Now to your scenario. The page that I have referenced also states the following:
You can easily export and import RSA keys from server to server. This makes RSA encryption particularly effective for encrypting configuration files used on multiple servers in a Web farm.
And it has a section about exporting and importing RSA keys.
So you could encrypt the configuration on your PC, export RSA key used for encryption and put it in your installer. The installer would then import the RSA encryption key into machine or user store on PC on which the application is being deployed.
But you should realize that when the application is starting, encrypted configuration has to be decrypted using private part of RSA encryption key (that we imported or it originated on the PC). Therefore if the application can get access to the private key so might the customer (I presume that the customer has physical access to the PC with your application). What you could do is use a user key container of user that only the application will run under for RSA encryption key but if the customer has administrator rights you will not be able to forbid him from decrypting the configuration.
So much for standard solutions. But you can always put sensitive data in a custom xml file, encrypt it and the encryption key compile into you application. Then the application would have to implement a logic to decrypt the xml itself. The customer would have to decompile your application to get to the RSA encryption key.
I want to encrypt my "ConnectionString" settings which is located in app.config.
But at the Runtime, I want to use( read ConnectionString ) it directly, without decrypt it.
I mean, I don't want to anyone to decrypt the string. There should be NO decryption method.
I'm thinking; it should be like embed .net/asp.net/iis feature to use.

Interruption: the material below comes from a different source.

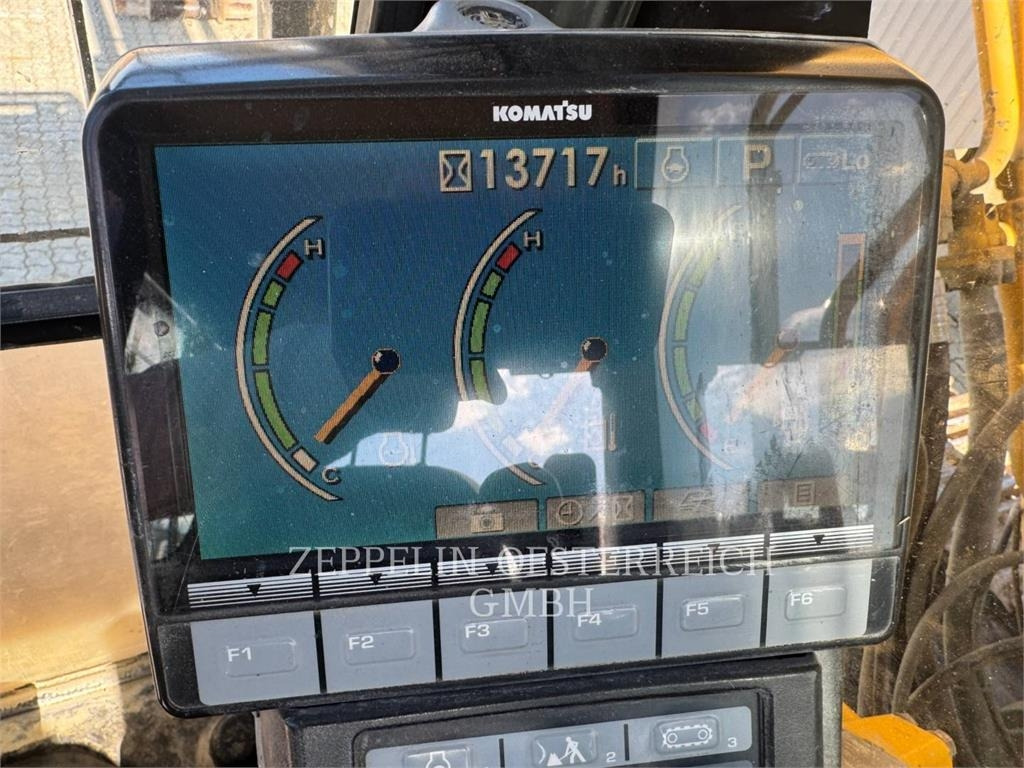 Komatsu PC450LC-8 - Pelle sur chenille: photos 5 Komatsu PC450LC-8 - Pelle sur chenille: photos 5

Like "Windows Login" ( you can enter it, use it, but you can't decrypt )
===
An Example Usage; You have small website with some critical data.
You have no money to buy private server,
so you are working on shared server, if the server hacked somehow,
you application and database will be stolen.
But if you put encrypted connectionstring in app.config,
This will be hard to decrpt it and see what is inside in Database.
Encrypting and decrypting configuration settings in a config file can be done from the command line using the aspnet_regiis.exe tool.
The details are described in the following MSDN article:
Encrypting and Decrypting Configuration Sections
As the tool is mainly intended to be used with Web applications, it expects the config file to be named 'web.config'. This means that you temporarily will have to rename your app.config file to web.config:
rename App.config web.config
aspnet_regiis -pef connectionStrings . -prov DataProtectionConfigurationProvider
rename web.config App.config
DPAPI might be a solution.
You can connect your usr/pwd/credentials to the machine. JGalloway knows more about this than I. JGalloway knows more about anything dotnet than I.
http://weblogs.asp.net/jgalloway/archive/2008/04/13/encrypting-passwords-in-a-net-app-config-file.aspx
If I haven't mixed things up this creates a usr/pwd combination that is bound to the very hardware of the machine. I.e. change network card and stuff might break. Also; one cannot create the usr/pwd/creds one machine and then transfer to another. In short this means that you have to do whatever you have to do on the production machine - might give you a headache if you are targeting continuous delivery.
Caveat: I haven't tried it myself. Instead I opted for a "regular" encryption. If someone got hold of my encrypted string and bytecode and reverse engineered it I would be smoked. But it was enough of security for me.